Walking on the Hypercube

Question

I recently read up on graph theory, especially hypercubes and thought about interesting ways to construct paths on them. Here's what I came up with.

As you might know, you can construct an n-dimensional hypercube by taking all n-tuples consisting of 1 and 0 as vertices and connect them, iff they differ in one digit. If you interpret these binary digits as an integer number, you end up with a graph with nicely numerated vertices. For example for n=3:

Let's say you want to take a walk on this hypercube and start at the vertex 0. Now, how do you determine which vertex you want to visit next? The rule I came up with is to take the number a of the vertex you are on, flip its mod(a,n)s bit (zero-based indexing) and go to the resulting vertex. Formally this rule can be recursively defined as

a[m+1] = xor(a[m], 2^mod(a[m],n)).

By following this rule, you will always stay on the cube and travel along the edges. The resulting path looks like this

As you can see, you will walk in a circle! In fact, in all dimensions and for all starting points your path will end up in a loop. For example for n=14 and a[0]=0 it looks like this

For the avid ambler, the length of his planned route is quite a crucial information. So, your job is to write a function or a program that takes the hypercube dimension n an the starting vertex a[0] as inputs and output the number of vertices in the resulting loop.

Test cases

n   a[0]   Output
-----------------
3   0      6
14  0      50
5   6      8
17  3      346

Rules

• Standard loopholes are forbidden
• Output/Input may be in any suitable format
• You may assume a[0] to be a valid vertex

Scoring

Shortest code in bytes wins.

If you have any additional information on this topic, I'd be glad to hear!

Answer 1

Jelly, 9 bytes

%⁴2*^µÐḶL

Takes two command-line arguments.

%⁴2*^µÐḶL        A monadic link. Inputs: a_0. b also taken from command line.
%⁴2*^              Variadic link. Input: a
%⁴                   a modulo b. ⁴ is second input, b.
  2*                 Get 2 to that power
    ^                and bitwise xor with a.
     µ             Start a new, monadic link (input: a_0)
      ÐḶ             All elements of the cycle created when the preceding link
                     is applied repeatedly, starting with a_0.
        L            Length.

Try it here.

Answer 2

Haskell, 124

import Data.Bits
(y:z:w)%(x:s)|x==y||x==z=[i|(i,r)<-zip[1..]s,r==x]!!0|0<1=w%s
g n=(tail>>=(%)).iterate(\a->xor a$2^mod a n)

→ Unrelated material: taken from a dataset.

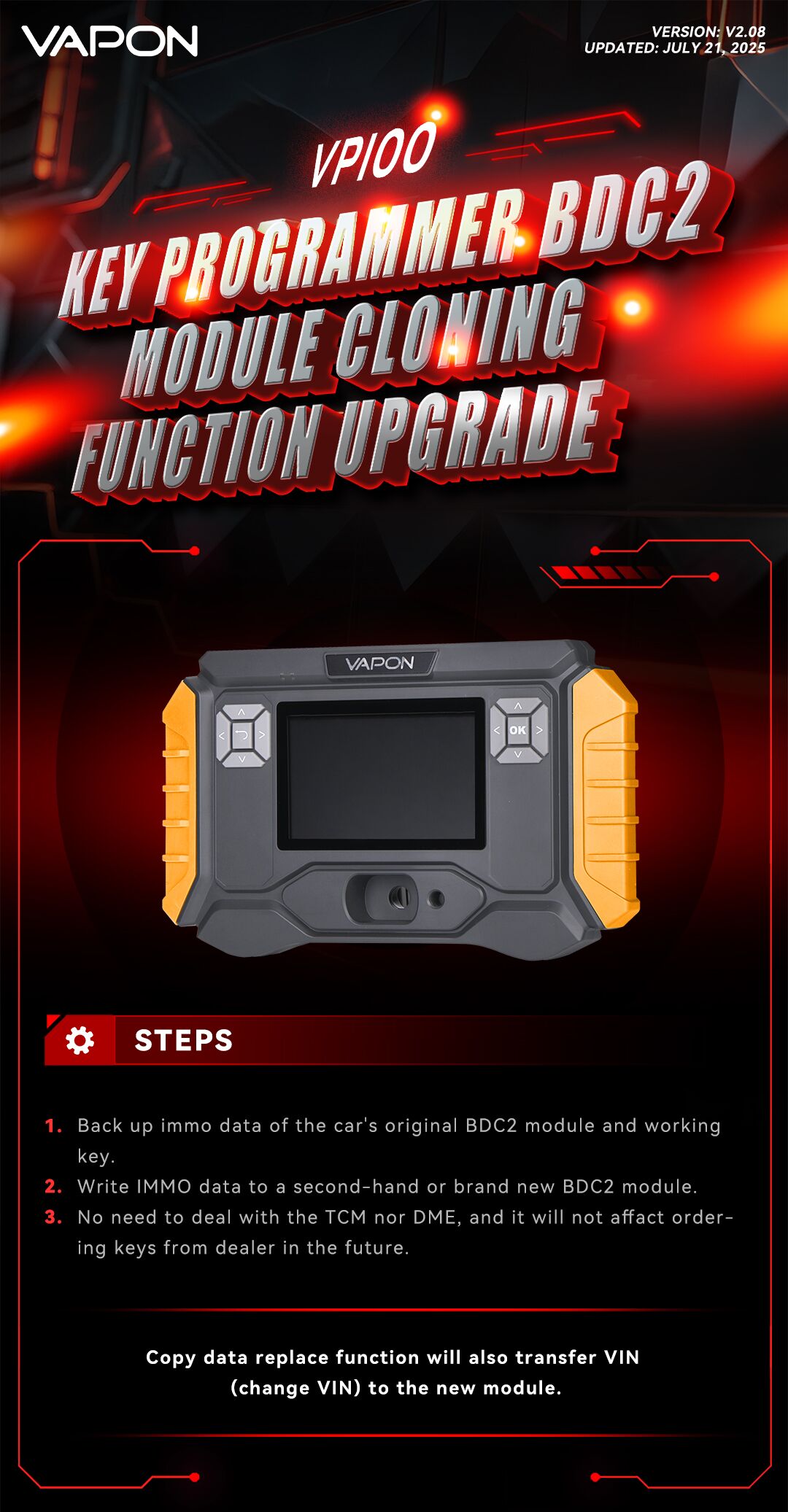 VAPON BDC2 MODULE CLONING FUNCTION UPGRADE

This finds the circle by the two-pointers-going-around-in-different-speeds algorithm, and heavily uses/abuses Haskell's approach to lists (for example, the two pointers are actually lists).

g is the function that computes the answer. give it n and then a[0] and it will return the number to you (note that n should be defined to be of type Int to avoid type ambiguity).

Answer 3

JavaScript (ES6), 69 bytes

(n,a)=>{g=m=>m^1<<m%n;for(c=1,b=a;(b=g(g(b)))!=(a=g(a));)c++;return c}

Returns 18812 for (23, 10).

Answer 4

MATL, 38 37 28 bytes

xi`vt0)2y1G\^Z~yywP=fn~]2M1$

This works in current version(15.0.0) of the language.

Try it online!

Explanation

x       % take first input: n. Delete (gets copied into clipboard G)
i       % take second input: initial value of a
`       % do...while loop
  v     %   concatenate all stack contents vertically
  t0)   %   duplicate. Get last element of that array: current a
  2     %   push 2
  y     %   duplicate second-top element in stack: current a
  1G    %   push first input (n)
  \     %   a modulo n
  ^     %   2 raised to that
  Z~    %   xor of that with current a
  yy    %   duplicate top two elements in stack: array of old a's and new a
  w     %   swap: move array of old a's to top
  P     %   reverse that array. So first entry is most recent a (before current)
  =f    %   indices of old values that equal current value. There may be 0 or 1
  n~    %   is it empty?
]       % if so, continue with a new iteration
2M      % push array of indices. It contains exactly 1 index
1$      % set 1 input for implicit display function, so it only displays the index

Answer 5

Pyth, 22 17 bytes

Lx^2%bQbl.uyNuyGE

Explanation:

Lx^2%bQbl.uyNuyGE     Implicit: Q=first line n. E=second line a[0].
Lx^2%bQb              y = lambda b: do one iteration
                      Then
             uyGE     Apply y until a previous result is found.
                      This makes sure we're in the cycle.
         .uyN         Then apply y again until a previous result is found.
                      Keep all intermediate values but not the repeat.
        l             Get the length; i.e. the length of the cycle.

Try it here.